■ **Exercise objective**
Using the data that follows, give again word for word the lines between the one holding "Photo of property" and the one holding "Voitures exposées au", inclusive. Omit the pictures.

Source data
= Beginning of Section =
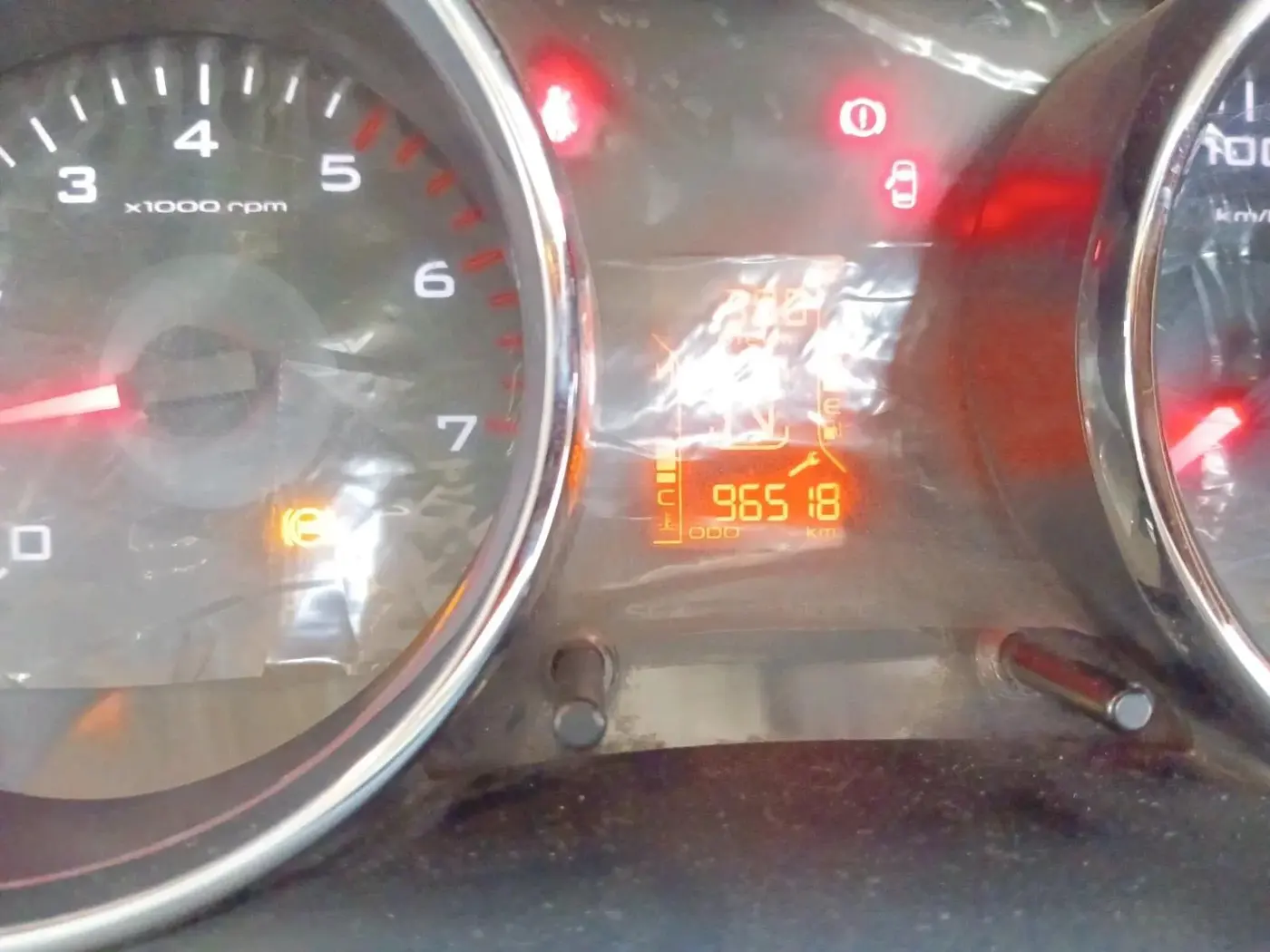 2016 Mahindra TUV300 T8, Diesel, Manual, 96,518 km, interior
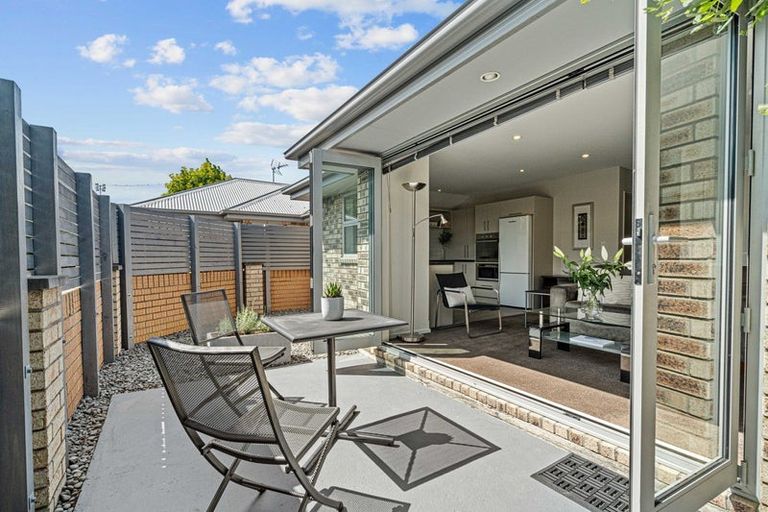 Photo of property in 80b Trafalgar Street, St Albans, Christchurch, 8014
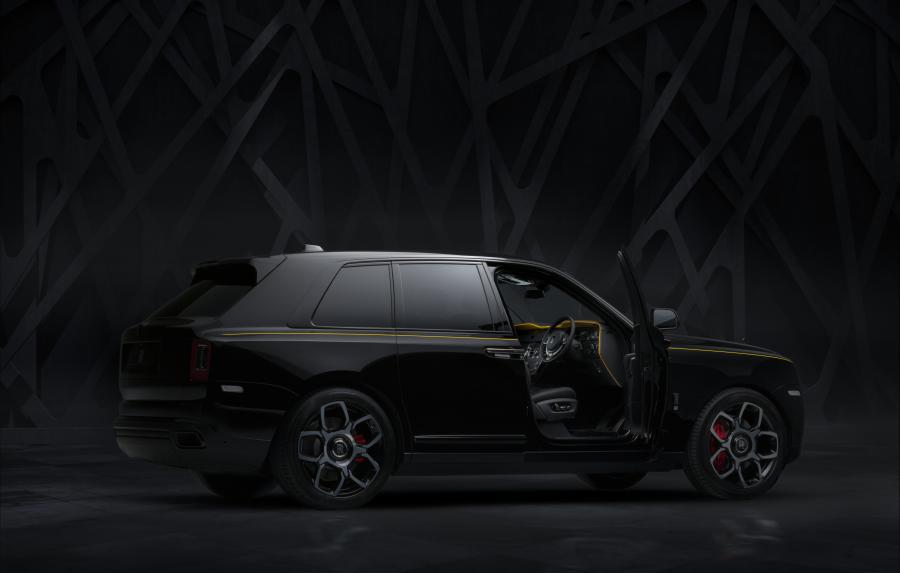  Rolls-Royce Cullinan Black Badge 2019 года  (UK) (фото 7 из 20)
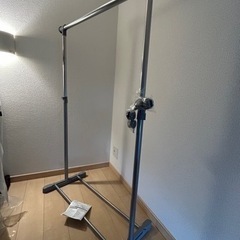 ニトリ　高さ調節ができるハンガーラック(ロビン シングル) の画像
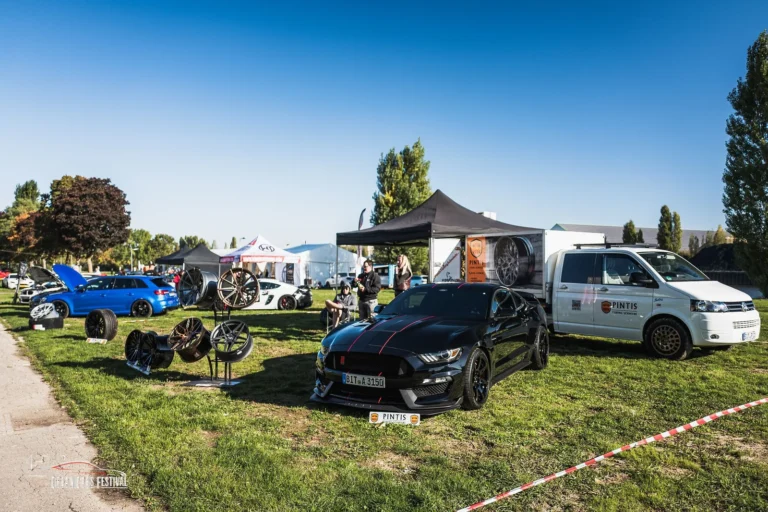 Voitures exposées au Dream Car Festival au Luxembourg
= End of Section =
= Beginning of Section =
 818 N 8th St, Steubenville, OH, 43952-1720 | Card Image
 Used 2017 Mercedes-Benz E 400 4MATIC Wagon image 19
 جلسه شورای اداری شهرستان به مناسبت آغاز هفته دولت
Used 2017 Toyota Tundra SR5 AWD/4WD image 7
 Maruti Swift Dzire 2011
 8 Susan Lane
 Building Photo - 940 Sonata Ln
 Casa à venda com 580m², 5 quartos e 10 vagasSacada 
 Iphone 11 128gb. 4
= End of Section =
= Beginning of Section =
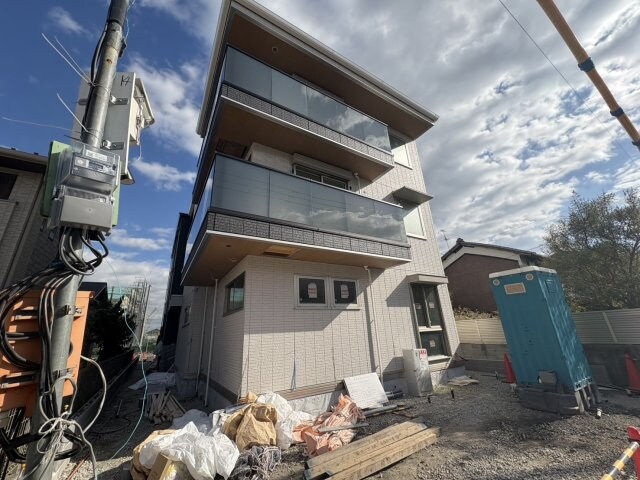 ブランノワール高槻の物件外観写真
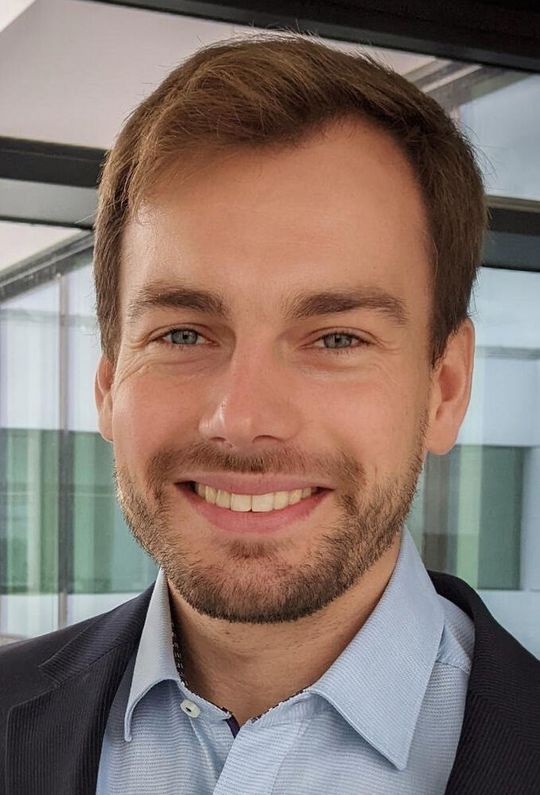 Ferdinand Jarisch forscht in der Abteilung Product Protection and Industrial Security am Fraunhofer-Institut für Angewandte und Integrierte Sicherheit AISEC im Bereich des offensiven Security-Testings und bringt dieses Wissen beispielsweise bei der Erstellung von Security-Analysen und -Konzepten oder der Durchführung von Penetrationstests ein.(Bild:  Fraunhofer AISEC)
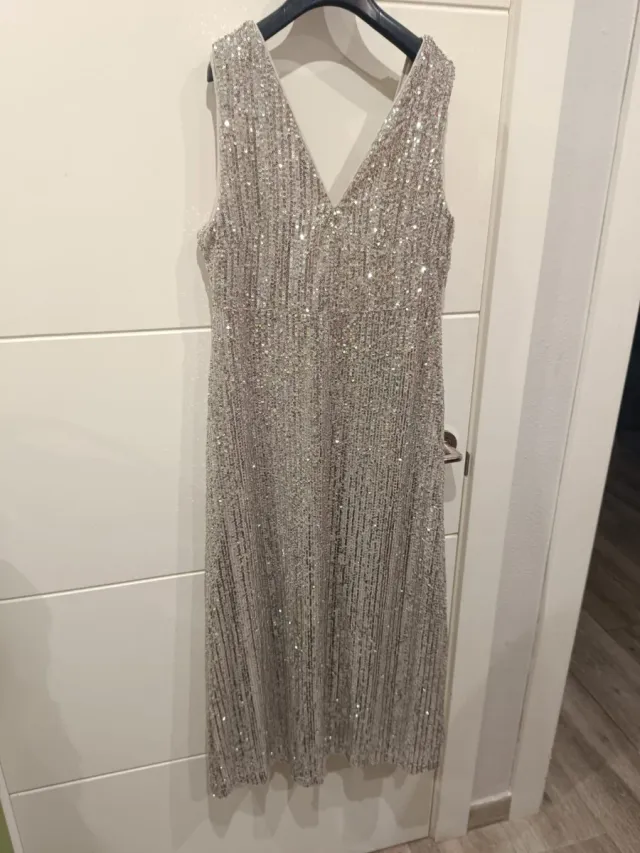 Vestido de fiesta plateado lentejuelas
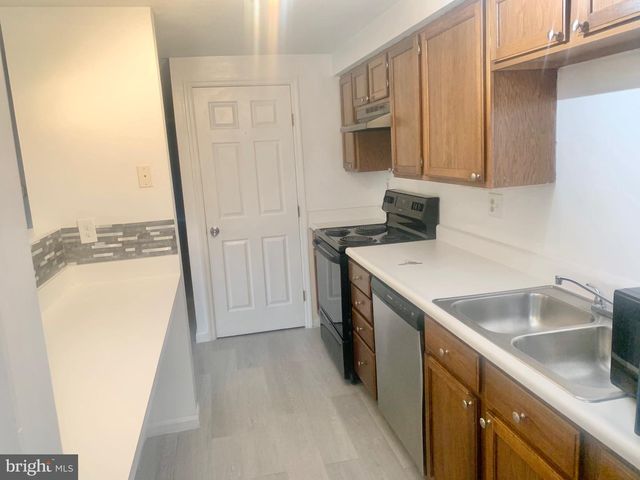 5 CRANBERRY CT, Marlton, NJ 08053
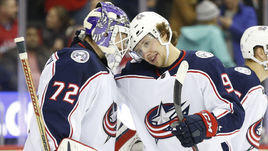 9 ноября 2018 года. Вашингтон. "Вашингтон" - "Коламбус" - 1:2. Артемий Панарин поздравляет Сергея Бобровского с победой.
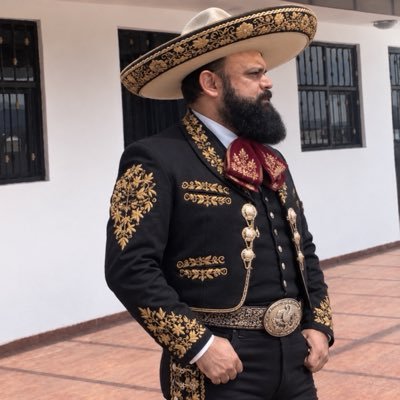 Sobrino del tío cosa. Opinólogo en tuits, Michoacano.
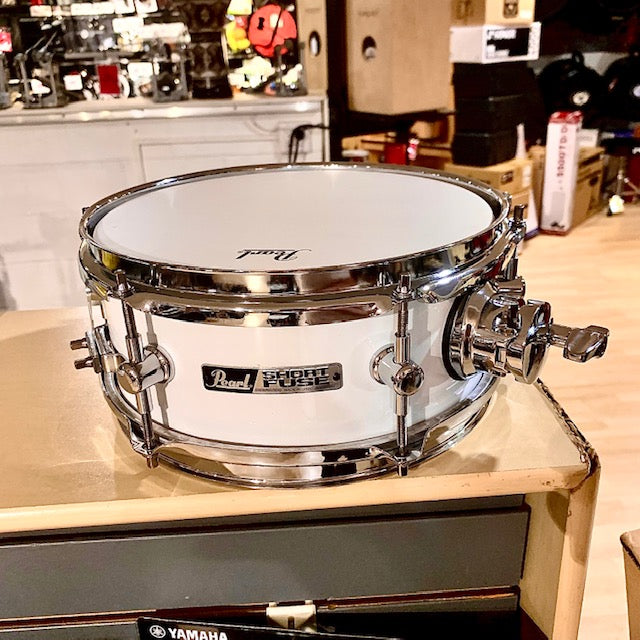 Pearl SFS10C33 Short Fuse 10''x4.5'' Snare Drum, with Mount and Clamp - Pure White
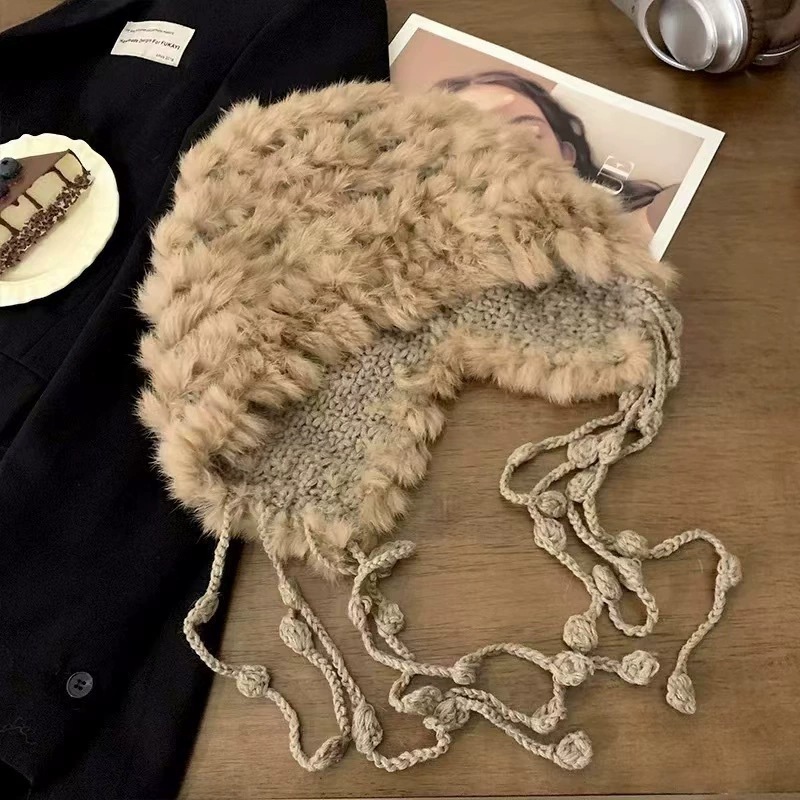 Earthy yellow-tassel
= End of Section =
■ **Response area**
 Photo of property in 80b Trafalgar Street, St Albans, Christchurch, 8014
  Rolls-Royce Cullinan Black Badge 2019 года  (UK) (фото 7 из 20)
 ニトリ　高さ調節ができるハンガーラック(ロビン シングル) の画像
 Voitures exposées au Dream Car Festival au Luxembourg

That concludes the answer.